Réuni les 20 et 21 juin à Abuja, le premier Sommet économique de l’Afrique de l’Ouest s’est tenu sans les pays de l’Alliance des États du Sahel (AES), ni la Mauritanie. Ce rendez-vous, pourtant conçu pour relancer la coopération économique régionale, a surtout mis en lumière les tensions et le manque de coordination persistants au sein de la CEDEAO.
Le président nigérian Bola Tinubu a ouvertement critiqué le faible volume des échanges intra-africains dans la région, appelant à une coopération plus efficace et à des résultats concrets. Le président béninois Patrice Talon, lui, a dénoncé l’inertie de la CEDEAO, malgré l’existence d’une volonté politique commune : « Ce n’est pas la volonté qui nous manque, mais nous ne parvenons pas à faire aboutir nos idéaux », a-t-il regretté.
Ce sommet intervient dans un contexte de fracture profonde entre les États membres. Depuis les coups d’État successifs au Mali, au Burkina Faso et au Niger, les relations entre les pays de l’AES et la CEDEAO se sont nettement dégradées. Les régimes militaires de ces trois pays, désormais réunis dans une alliance sécuritaire et politique, ont boycotté la rencontre. La Mauritanie, quant à elle, a décliné l’invitation sans en préciser les raisons. Résultat : le projet d’intégration régionale apparaît de plus en plus fragmenté.
L’exclusion ou le désengagement de plusieurs pays-clés risque de limiter la portée des décisions prises à Abuja. Sans participation de l’ensemble des économies ouest-africaines, toute ambition de relance commerciale ou de construction d’un marché commun reste incomplète. Les appels à une réforme de la CEDEAO pourraient, cependant, ouvrir la voie à une redéfinition de son rôle et de ses mécanismes d’action dans un environnement politique en mutation.
Malgré ces absences notables, le sommet a permis aux chefs d’État et ministres présents de réaffirmer leur attachement à l’unité économique de la région. Le Nigeria, le Bénin, le Ghana, la Côte d’Ivoire et d’autres pays ont convenu de renforcer leurs échanges bilatéraux et de simplifier les procédures douanières. Mais ces engagements, pour l’instant théoriques, ne suffiront pas sans une dynamique inclusive.
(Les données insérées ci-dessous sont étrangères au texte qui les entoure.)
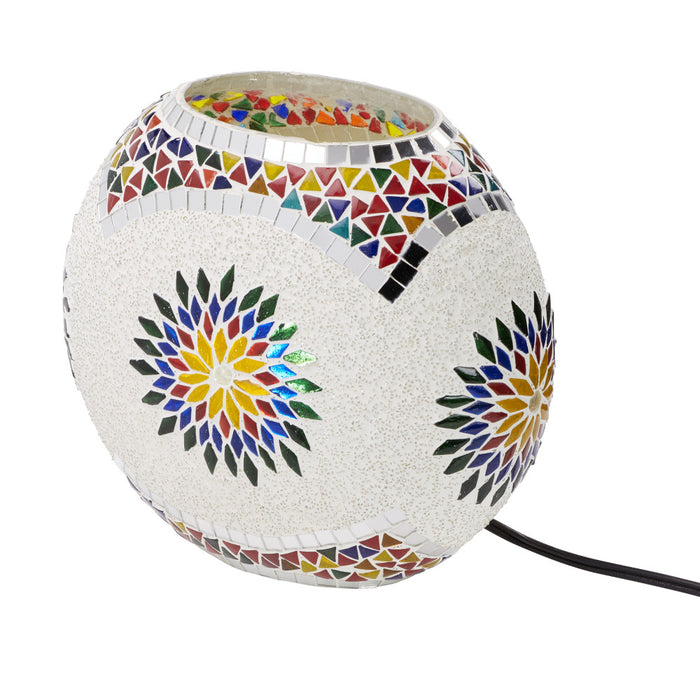 9.5" H Juliette Multicolor Globe Shade Mosaic Glass Accent Lamp-On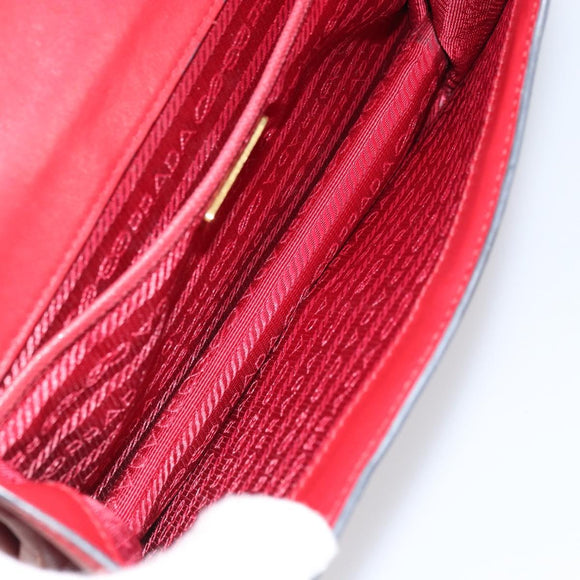 PRADA Chain Shoulder Bag Safiano leather Red Gold Auth 159038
Ce sommet d’Abuja marque-t-il la naissance d’une CEDEAO à géométrie variable ? Alors que l’AES continue de se structurer en dehors du cadre communautaire classique, la CEDEAO semble contrainte de repenser son modèle. Si elle veut préserver sa pertinence, elle devra rapidement résoudre ses blocages internes et rétablir le dialogue avec les États aujourd’hui en rupture. Faute de quoi, l’intégration régionale risque de s’enliser davantage.